I mean, of course! It isn’t a law that acne has to ruin your life. Acne itself doesn’t have much meaning, except for the fact that society deems it to be ugly.
But we see the world with filters on according to what we believe to be true, and filter out anything that doesn’t fit that reality that we’ve created. You’ve probably had a lot of experiences with acne that have caused you to despise it with every ounce of your being, and since that is how you feel, it is hard to believe that anyone else would feel differently about their acne – or look at your acne with anything but disgust, for that matter.
Acne is the bane of your existence. So how is it not for that other guy who has acne and just doesn’t care about it?
It’s probably because he had a bad experience growing up where someone told him that his nose was too big for society’s standards, but as for his acne, well, he knows most people out there get some spots, and it isn’t really a big deal. But now you sit here, without noticing a single thing about his nose, wondering how he could possibly not care about his acne, while he’s sitting there assuming you are majorly taken aback by his gigantic bird beak.
Perception, folks – it’s fickle.
Once you realize this (that everyone has had their different experiences that have shaped them) it’s very hard to fault anyone for being the way that they are. Suddenly, it’s a lot easier to be compassionate instead of reactive. If you don’t like someone, it’s easy to say ‘Oh, that guy’s such a jerk, he should know better’, or ‘that person is so ignorant, how could he possibly think the way she does’ and dismiss them.
For example, say you know a guy who always overcompensates for himself. We’ll call him Bob (sorry if your name is Bob). He’s always bragging, putting others down, acting like he knows everything, and buys fancy cars and expensive clothing. Immediately you dislike him and dislike him for how he is and wonder how on earth someone could think that was cool.
What you don’t see is the way that Bob’s father put him down as a child and gave a blow to his self esteem at every chance he could, and also that his father acted the same way – overcompensating, bragging, and being a jerk. Since children mimic and learn from their parents more than anyone else, what chance did Bob have to turn out as a confident, kind, and gentle man?
Not too much.
Conditioning Is Here to Stay, But Realize What It Is
Conditioning is never going away. People probably aren’t going to wake up one day in our lifetime and understand that all of this world is just one big made up game, full of two way mirrors and merry go rounds, and everything will be good.

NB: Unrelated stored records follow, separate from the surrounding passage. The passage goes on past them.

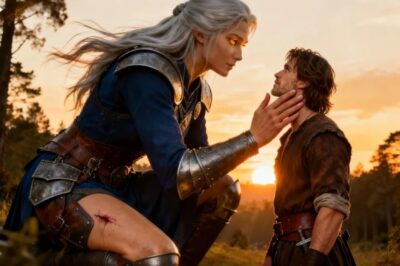 Encontré a una hermosa giganta herida, y el precio fue no volver jamás al mundo humano.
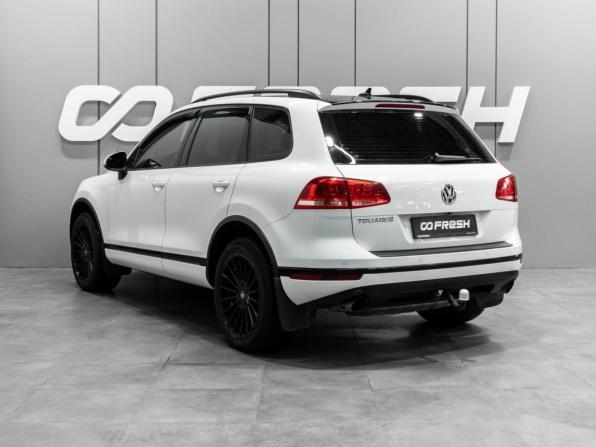 Volkswagen Touareg II Рестайлинг с пробегом 2016 года, цена 2 999 000 рублей, 201407 км, внедорожник, Автокод Объявления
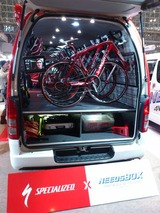 東組新年会&東京オートサロン201201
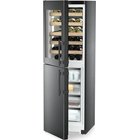 Liebherr SWNbsd 529i Peak NoFrost, viinikaappi-pakastin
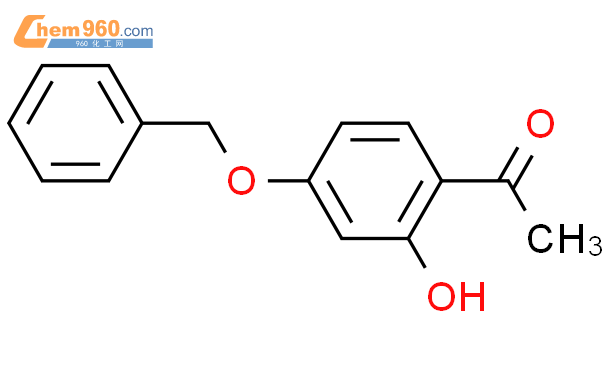 4-苄氧基-2-羟基苯乙酮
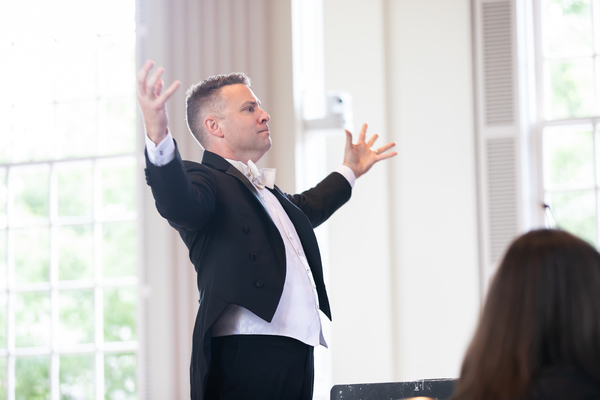 Photo Flash: Mendelssohn Choir of Pittsburgh Celebrates Queen Victoria Image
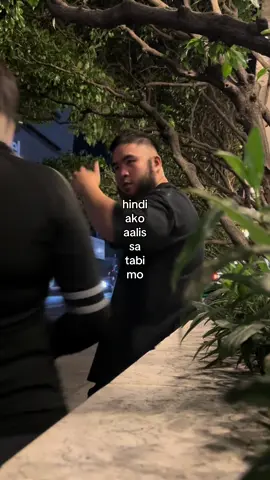 hindi ako aalis sa tabi mo ~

We all have to play along in this three ringed circus we call modern society, but the more seriously you take it, the more you make yourself suffer. Remember – life is just a game. Most people never realize that.
There are other ways to live and be than the societal norms. Yes, it takes courage, but it feels a lot more real when you understand that the way you really are is just perfect and that taking a different path than what is “acceptable” is okay, whether it’s a different perception of yourself, a different way of eating, a different type of career choice, or an alternative lifestyle.
Awareness it the key to releasing the suffering of your conditioning. Every day, go about your business and notice the way that your thought patterns play into each other in their conditioned thoughts. Think ‘where is this belief rooted?’ and ‘is there any way to know with 100% accuracy that what I think about this is the absolute truth?’. Ponder if the things you are doing with your life are because you really want to or because you feel you have to live up to someone’s expectations.
I, of course, am still working on all of this (conditioning does not just vanish overnight), and I think my epic battle with my hatred of acne has got a long way to go. But I have to say that ever since I started becoming acutely aware of this conditioning stuff, I’ve been a lot happier, and a lot calmer. So seriously give this stuff some thought!
If you want to read more about it, consider reading “How to Get from Where You Are to Where You Want to Be” by Cheri Huber. It’s an excellent read.
In what ways have you been conditioned?